[Stored data]
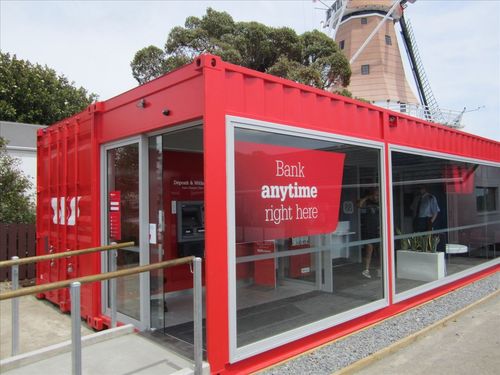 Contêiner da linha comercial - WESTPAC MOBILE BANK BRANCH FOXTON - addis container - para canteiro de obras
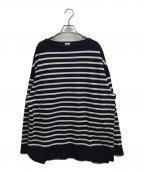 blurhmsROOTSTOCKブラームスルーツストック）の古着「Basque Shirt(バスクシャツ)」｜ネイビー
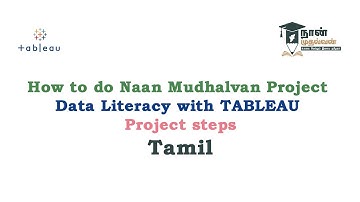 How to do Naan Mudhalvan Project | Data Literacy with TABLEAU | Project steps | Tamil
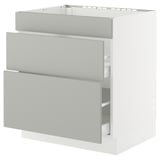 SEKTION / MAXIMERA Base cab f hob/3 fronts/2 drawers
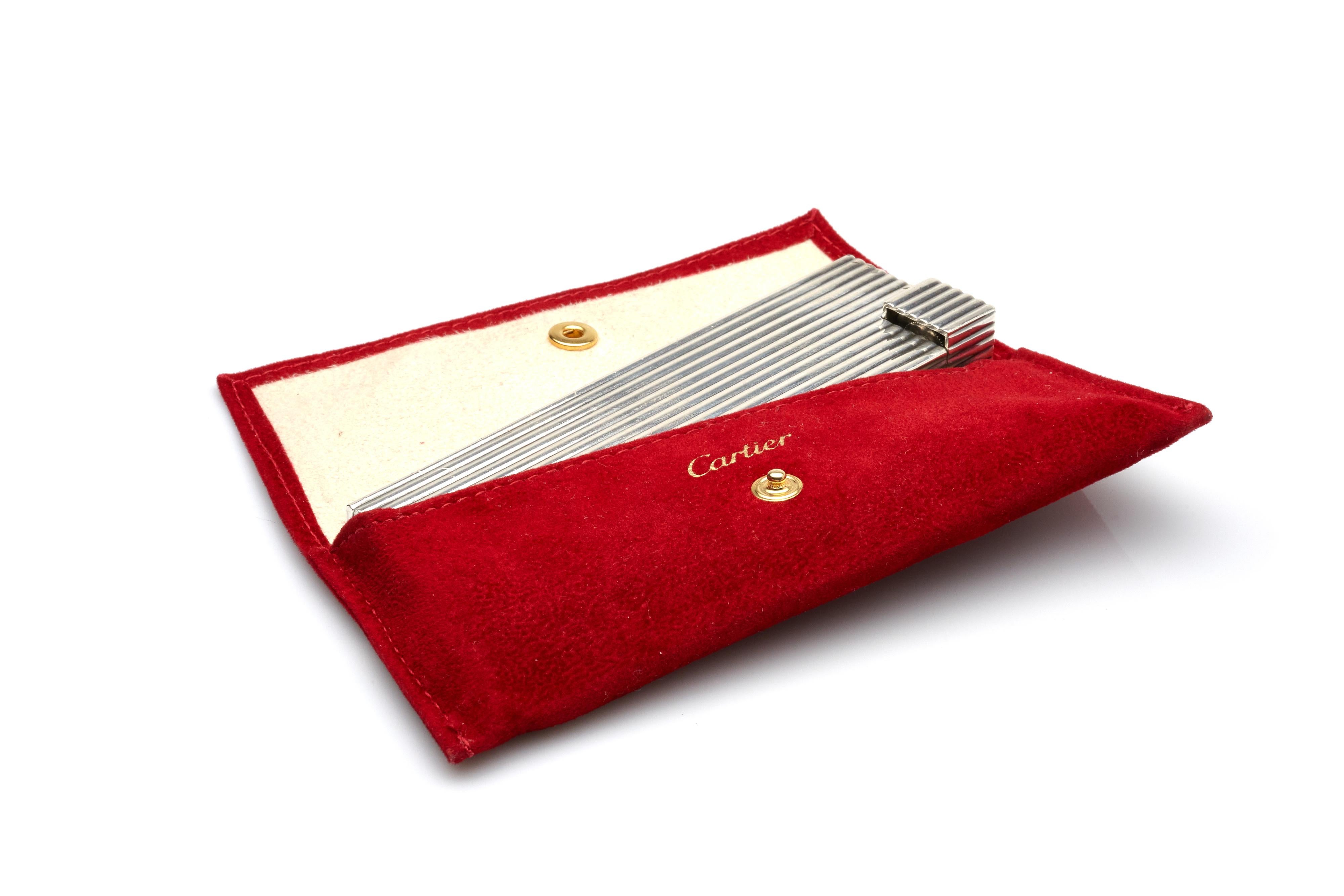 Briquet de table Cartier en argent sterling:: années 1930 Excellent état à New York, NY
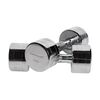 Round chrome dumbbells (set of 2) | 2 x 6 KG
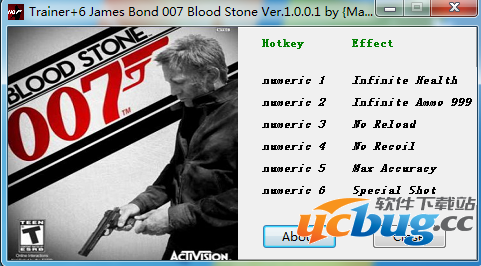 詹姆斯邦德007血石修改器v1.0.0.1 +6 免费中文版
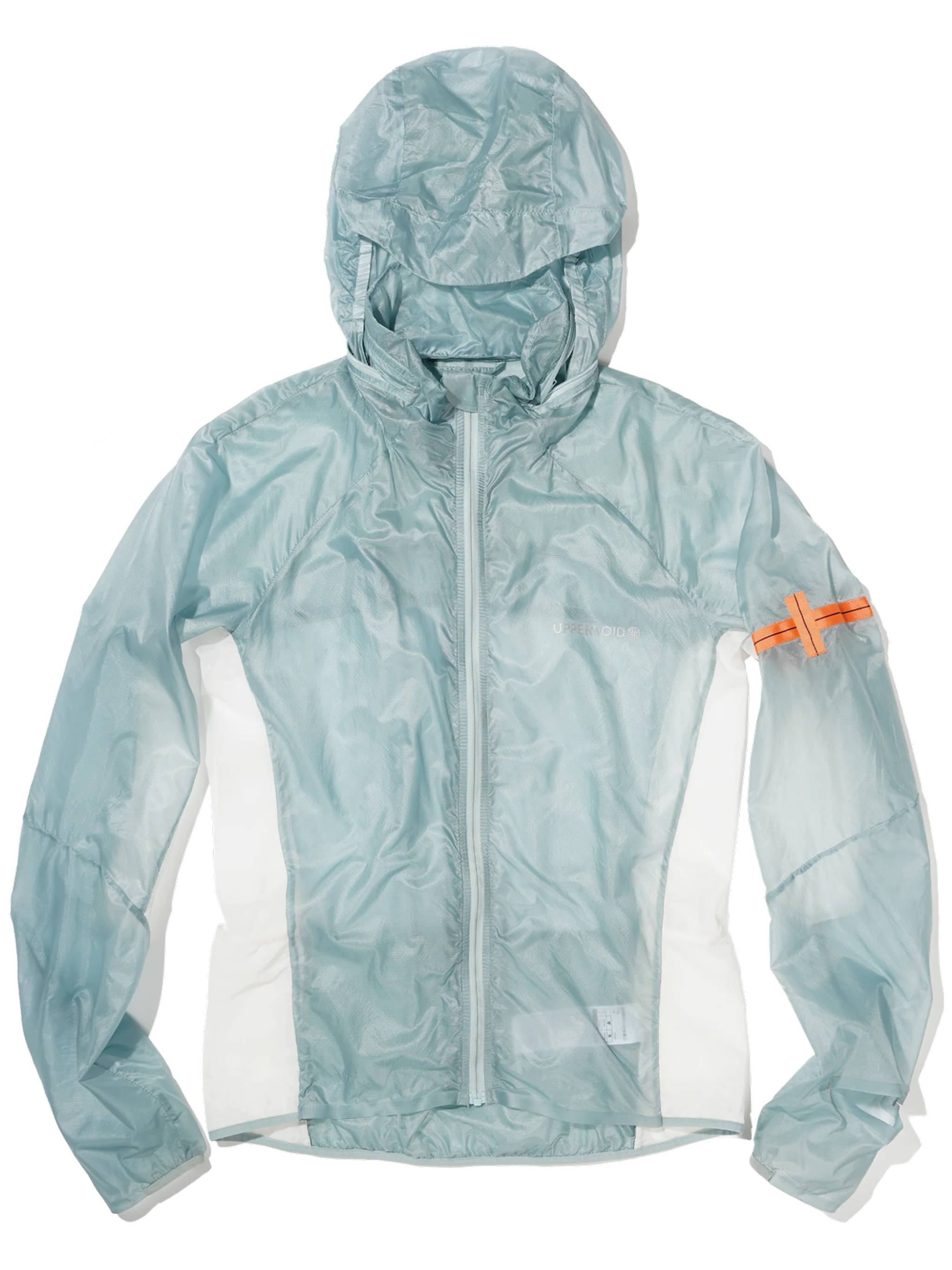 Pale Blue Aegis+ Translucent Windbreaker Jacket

* REQUIRED ACTION *
If a line comes after the line with "How to do Naan", it stays out; print exactly every line from the start of the entries up to and including that line, but no pictures.

* SOLUTION TO THE EXERCISE *
 Contêiner da linha comercial - WESTPAC MOBILE BANK BRANCH FOXTON - addis container - para canteiro de obras
 blurhmsROOTSTOCKブラームスルーツストック）の古着「Basque Shirt(バスクシャツ)」｜ネイビー
 How to do Naan Mudhalvan Project | Data Literacy with TABLEAU | Project steps | Tamil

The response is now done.